* Work to be completed
With pictures omitted, restate the data word for word.

* Available data
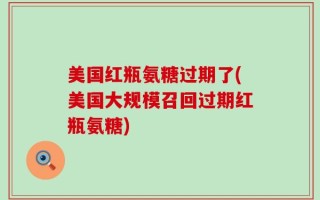 美国红瓶氨糖过期了(美国大规模召回过期红瓶氨糖)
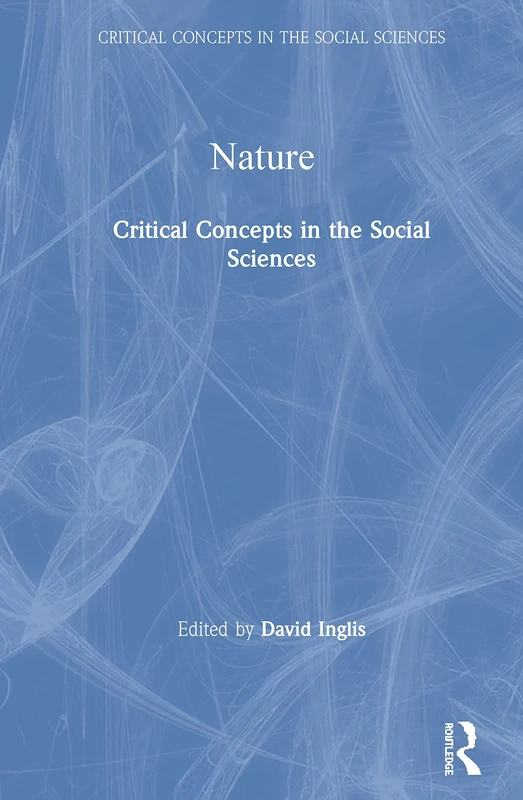 Nature: Critical Concepts In The Social Sciences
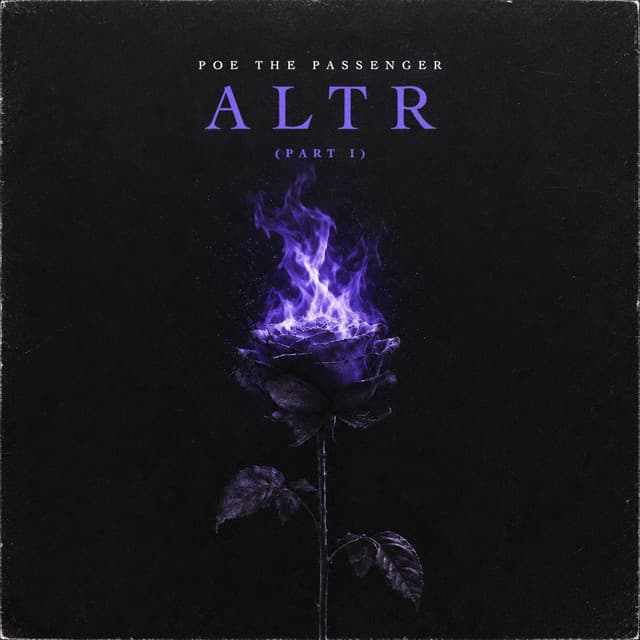 Poe The Passenger — ALTR, Pt. 1 (Deluxe Edition)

* Expected output
 美国红瓶氨糖过期了(美国大规模召回过期红瓶氨糖)
 Nature: Critical Concepts In The Social Sciences
 Poe The Passenger — ALTR, Pt. 1 (Deluxe Edition)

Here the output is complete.